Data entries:
● ● ● ● ●

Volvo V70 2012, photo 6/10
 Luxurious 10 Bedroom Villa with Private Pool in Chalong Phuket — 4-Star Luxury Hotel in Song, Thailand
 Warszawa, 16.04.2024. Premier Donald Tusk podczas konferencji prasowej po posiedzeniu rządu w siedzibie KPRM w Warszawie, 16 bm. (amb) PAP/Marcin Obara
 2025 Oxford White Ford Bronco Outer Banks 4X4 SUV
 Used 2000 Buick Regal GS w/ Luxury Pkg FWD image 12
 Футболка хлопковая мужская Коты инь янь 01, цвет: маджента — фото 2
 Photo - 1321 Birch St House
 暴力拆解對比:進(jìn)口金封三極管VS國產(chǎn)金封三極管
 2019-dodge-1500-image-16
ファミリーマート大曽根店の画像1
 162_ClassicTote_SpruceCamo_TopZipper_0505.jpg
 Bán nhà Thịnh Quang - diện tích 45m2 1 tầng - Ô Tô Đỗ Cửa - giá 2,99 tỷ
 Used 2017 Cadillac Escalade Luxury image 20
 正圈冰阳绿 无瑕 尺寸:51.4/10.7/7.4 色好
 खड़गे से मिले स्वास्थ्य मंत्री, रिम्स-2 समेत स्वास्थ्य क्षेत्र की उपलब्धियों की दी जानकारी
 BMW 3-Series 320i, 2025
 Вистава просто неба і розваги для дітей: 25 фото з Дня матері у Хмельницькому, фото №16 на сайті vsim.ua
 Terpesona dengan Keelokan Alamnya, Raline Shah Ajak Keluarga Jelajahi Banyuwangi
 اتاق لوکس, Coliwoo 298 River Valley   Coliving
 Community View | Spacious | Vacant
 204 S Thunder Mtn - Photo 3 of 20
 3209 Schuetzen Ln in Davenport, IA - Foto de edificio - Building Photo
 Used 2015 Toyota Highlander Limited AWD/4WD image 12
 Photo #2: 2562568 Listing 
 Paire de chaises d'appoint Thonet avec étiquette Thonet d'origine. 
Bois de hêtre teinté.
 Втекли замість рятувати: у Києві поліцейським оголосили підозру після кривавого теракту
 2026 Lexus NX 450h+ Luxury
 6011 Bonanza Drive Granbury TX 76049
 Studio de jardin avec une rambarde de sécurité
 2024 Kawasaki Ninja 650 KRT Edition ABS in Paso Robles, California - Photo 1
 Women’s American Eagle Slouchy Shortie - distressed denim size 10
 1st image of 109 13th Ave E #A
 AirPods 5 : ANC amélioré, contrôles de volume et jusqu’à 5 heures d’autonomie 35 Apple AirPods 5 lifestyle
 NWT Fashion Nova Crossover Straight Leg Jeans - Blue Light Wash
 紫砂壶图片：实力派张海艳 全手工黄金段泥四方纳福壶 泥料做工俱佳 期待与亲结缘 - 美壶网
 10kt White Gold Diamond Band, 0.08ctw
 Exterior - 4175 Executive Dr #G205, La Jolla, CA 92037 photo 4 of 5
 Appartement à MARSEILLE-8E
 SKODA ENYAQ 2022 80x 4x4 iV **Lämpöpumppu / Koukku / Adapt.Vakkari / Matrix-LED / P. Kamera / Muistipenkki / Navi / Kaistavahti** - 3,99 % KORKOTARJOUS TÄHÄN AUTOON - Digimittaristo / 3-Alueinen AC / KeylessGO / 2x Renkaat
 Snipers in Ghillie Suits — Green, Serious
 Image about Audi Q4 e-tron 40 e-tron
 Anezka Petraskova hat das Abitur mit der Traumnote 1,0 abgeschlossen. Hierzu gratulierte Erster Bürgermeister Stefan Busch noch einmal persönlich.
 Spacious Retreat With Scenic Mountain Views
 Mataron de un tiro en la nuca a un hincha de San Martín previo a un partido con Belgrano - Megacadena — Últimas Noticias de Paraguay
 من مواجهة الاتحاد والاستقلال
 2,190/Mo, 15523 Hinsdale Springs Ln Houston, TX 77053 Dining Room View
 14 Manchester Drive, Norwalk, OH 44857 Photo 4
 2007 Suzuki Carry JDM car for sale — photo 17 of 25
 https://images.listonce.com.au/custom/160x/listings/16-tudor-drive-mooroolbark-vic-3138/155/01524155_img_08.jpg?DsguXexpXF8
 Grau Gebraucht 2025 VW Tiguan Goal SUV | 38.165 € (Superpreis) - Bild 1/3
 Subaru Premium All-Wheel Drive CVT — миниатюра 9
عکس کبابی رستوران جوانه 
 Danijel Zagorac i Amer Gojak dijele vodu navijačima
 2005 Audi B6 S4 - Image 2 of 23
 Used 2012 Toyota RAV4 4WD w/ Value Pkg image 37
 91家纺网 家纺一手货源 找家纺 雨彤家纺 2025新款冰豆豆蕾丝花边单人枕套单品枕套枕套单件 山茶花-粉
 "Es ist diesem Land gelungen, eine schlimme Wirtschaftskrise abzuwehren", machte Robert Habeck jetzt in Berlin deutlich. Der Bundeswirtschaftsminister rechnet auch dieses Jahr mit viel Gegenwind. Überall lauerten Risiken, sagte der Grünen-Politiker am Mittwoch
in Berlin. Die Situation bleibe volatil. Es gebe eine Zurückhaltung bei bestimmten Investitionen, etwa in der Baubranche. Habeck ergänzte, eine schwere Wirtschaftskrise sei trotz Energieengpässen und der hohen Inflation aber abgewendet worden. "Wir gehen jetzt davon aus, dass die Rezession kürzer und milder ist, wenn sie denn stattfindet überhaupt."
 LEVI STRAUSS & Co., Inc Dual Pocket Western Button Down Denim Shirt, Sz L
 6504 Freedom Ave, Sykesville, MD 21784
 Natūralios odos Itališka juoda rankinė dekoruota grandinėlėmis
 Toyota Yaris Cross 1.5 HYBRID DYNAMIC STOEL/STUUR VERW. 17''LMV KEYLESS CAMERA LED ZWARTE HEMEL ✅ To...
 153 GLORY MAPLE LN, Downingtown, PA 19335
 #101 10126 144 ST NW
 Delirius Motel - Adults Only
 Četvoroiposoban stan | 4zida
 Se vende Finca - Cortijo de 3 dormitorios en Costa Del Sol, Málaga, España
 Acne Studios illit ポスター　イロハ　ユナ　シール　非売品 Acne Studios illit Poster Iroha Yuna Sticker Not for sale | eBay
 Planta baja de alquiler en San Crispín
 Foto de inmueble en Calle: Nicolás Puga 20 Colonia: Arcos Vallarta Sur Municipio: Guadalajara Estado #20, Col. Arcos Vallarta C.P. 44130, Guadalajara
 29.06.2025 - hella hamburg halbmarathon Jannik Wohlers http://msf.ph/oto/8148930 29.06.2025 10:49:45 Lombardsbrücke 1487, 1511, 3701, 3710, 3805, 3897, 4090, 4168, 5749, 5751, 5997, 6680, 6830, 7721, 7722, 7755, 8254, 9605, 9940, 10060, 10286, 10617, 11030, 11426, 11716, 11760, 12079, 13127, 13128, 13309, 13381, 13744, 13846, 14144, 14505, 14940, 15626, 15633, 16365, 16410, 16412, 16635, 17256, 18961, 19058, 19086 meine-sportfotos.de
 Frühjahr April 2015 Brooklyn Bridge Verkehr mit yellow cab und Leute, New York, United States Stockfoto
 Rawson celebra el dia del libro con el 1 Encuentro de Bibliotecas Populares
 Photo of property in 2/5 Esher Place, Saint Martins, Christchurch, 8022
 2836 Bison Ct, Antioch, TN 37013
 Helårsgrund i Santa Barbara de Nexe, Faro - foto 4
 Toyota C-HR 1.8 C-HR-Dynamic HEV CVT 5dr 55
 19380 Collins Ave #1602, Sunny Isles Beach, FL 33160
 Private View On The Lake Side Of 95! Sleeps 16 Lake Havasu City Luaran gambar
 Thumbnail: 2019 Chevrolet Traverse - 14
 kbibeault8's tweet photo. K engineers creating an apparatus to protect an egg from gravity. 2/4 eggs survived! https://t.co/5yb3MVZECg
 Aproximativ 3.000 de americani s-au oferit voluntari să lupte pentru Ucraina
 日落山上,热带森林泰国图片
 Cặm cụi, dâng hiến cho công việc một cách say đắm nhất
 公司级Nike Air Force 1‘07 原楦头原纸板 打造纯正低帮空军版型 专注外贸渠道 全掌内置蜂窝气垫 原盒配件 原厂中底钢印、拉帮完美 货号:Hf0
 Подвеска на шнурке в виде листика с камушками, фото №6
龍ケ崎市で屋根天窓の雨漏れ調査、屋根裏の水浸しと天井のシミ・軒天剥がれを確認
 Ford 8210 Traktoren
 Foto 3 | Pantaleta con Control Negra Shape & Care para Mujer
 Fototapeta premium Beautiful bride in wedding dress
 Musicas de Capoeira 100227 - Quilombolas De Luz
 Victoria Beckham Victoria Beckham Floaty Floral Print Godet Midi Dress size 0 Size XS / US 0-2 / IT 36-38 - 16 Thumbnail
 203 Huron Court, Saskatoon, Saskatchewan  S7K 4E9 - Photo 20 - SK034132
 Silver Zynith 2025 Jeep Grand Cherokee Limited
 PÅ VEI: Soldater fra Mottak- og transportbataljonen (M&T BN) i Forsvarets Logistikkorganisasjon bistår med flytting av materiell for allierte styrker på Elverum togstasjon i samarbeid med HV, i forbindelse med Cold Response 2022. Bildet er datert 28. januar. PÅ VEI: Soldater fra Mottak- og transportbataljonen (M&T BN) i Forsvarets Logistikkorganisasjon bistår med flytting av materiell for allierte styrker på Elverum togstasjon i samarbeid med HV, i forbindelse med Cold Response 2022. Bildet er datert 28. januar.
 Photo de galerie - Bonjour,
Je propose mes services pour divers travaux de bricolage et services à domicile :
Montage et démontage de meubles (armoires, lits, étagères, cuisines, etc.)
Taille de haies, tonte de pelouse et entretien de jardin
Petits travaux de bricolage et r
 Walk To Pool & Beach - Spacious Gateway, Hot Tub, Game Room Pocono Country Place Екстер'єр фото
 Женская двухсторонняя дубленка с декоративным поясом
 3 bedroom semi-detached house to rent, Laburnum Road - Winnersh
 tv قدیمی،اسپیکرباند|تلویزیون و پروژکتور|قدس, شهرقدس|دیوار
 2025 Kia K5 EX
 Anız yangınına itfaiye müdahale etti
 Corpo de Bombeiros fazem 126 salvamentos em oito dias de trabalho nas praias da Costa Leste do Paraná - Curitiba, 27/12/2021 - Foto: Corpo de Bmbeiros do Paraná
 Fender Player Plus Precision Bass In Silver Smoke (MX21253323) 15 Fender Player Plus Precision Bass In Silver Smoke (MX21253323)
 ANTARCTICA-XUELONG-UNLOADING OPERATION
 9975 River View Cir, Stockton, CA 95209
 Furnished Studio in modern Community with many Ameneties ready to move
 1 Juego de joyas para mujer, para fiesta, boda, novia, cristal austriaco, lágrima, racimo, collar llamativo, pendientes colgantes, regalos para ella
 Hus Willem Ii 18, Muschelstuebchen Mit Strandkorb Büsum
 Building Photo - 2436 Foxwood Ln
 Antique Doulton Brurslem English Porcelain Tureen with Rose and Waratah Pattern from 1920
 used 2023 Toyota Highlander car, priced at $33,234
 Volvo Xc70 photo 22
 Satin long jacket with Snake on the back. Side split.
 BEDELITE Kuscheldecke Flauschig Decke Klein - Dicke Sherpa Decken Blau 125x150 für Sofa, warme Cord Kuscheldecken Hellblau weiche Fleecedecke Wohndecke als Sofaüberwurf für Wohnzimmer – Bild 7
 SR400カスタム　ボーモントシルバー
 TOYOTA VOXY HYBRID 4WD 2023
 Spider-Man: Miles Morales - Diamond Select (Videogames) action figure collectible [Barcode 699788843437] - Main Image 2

● ● ● ● ●

Starting with the line that holds "204 S Thunder Mtn - Photo 3 of 20" and ending with the line that holds "2024 Kawasaki Ninja", retype every line in the data above exactly, and nothing else.

THE ANSWER =>
 204 S Thunder Mtn - Photo 3 of 20
 3209 Schuetzen Ln in Davenport, IA - Foto de edificio - Building Photo
 Used 2015 Toyota Highlander Limited AWD/4WD image 12
 Photo #2: 2562568 Listing 
 Paire de chaises d'appoint Thonet avec étiquette Thonet d'origine. 
Bois de hêtre teinté.
 Втекли замість рятувати: у Києві поліцейським оголосили підозру після кривавого теракту
 2026 Lexus NX 450h+ Luxury
 6011 Bonanza Drive Granbury TX 76049
 Studio de jardin avec une rambarde de sécurité
 2024 Kawasaki Ninja 650 KRT Edition ABS in Paso Robles, California - Photo 1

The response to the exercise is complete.